#### [What to produce]
The copy must hold exactly the lines from the one with "8-Pieces ce Cream" through the end of the listing below, and nothing else, with no pictures.

##### Excerpted data

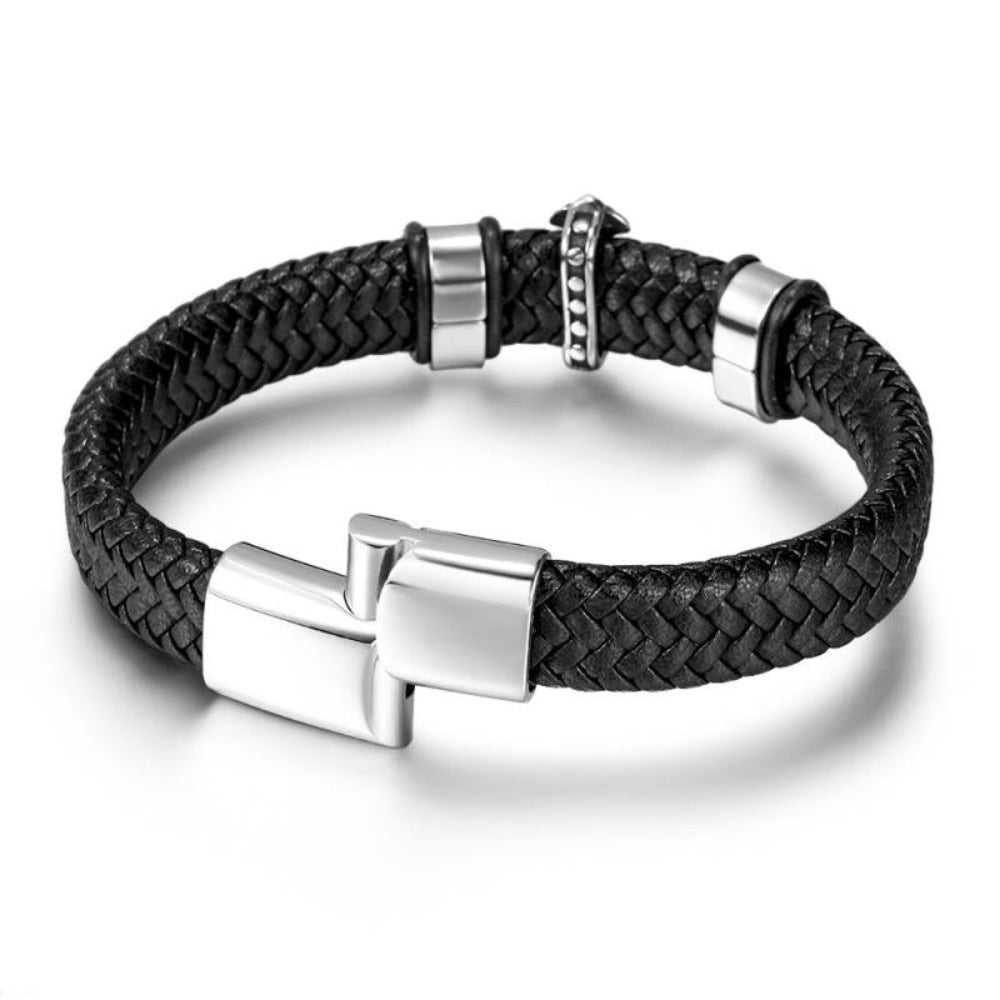 Braided Charm Bracelet Made from Vegan Leather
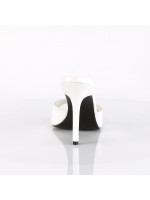 Classique White Faux Leather 4 Inch Mule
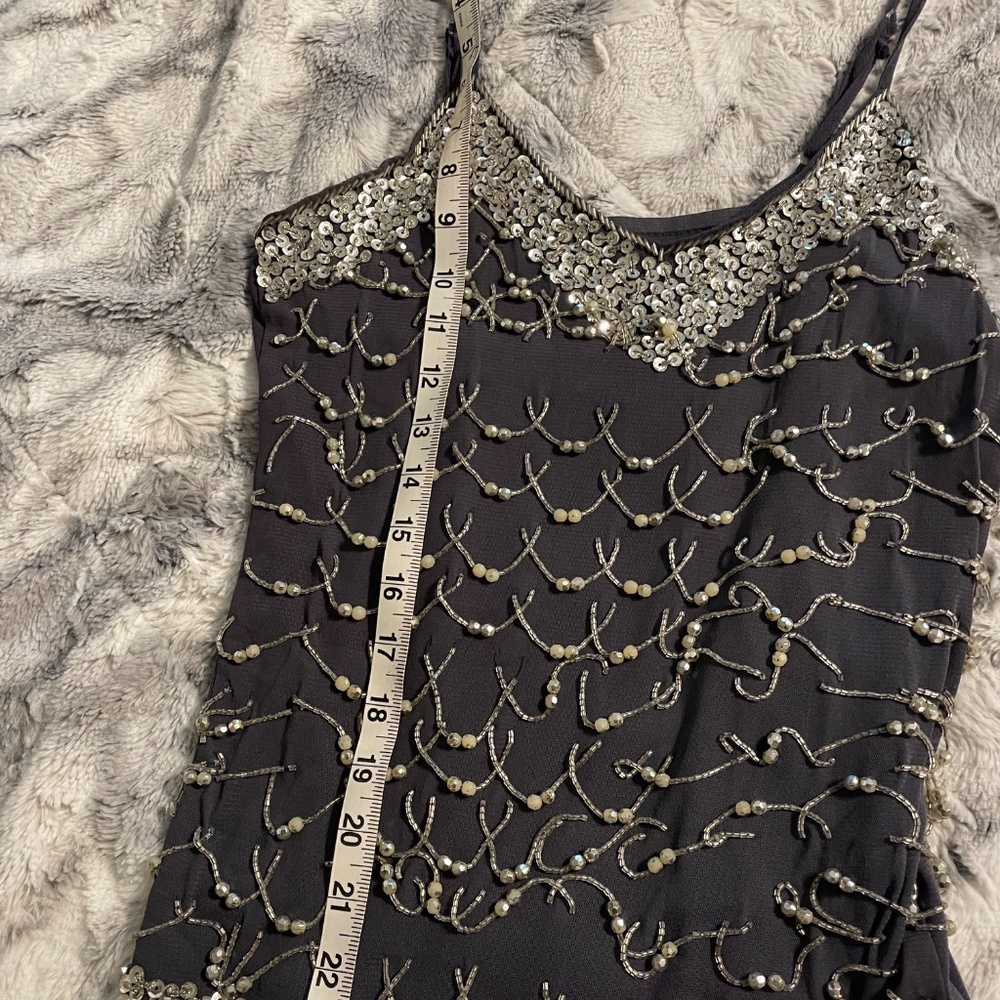 Vintage Beaded sequin embroidered top with adjustable straps , size S-M - Picture 5 of 12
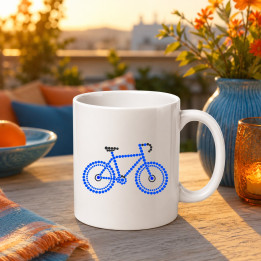Bicicletă albastră din puncte - ziua punctului - cană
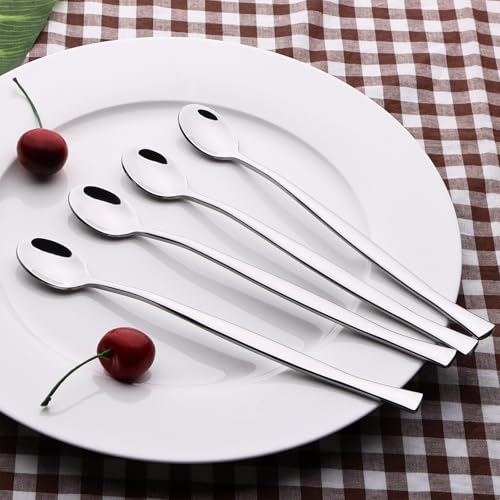 8-Pieces ce Cream Spoons, Stainless Steel Long Handle Spoon
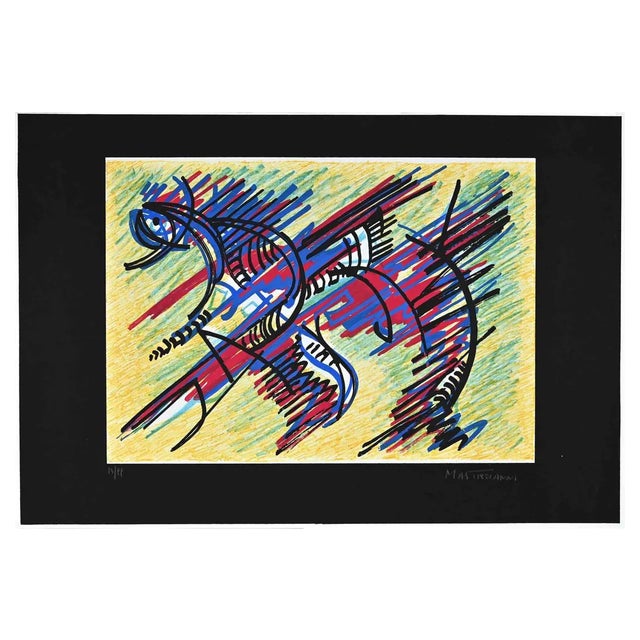 Umberto Mastroianni, Yellow Composition, Original Screen Print, 1980s For Sale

##########

#### [Solution to this exercise]
 8-Pieces ce Cream Spoons, Stainless Steel Long Handle Spoon
 Umberto Mastroianni, Yellow Composition, Original Screen Print, 1980s For Sale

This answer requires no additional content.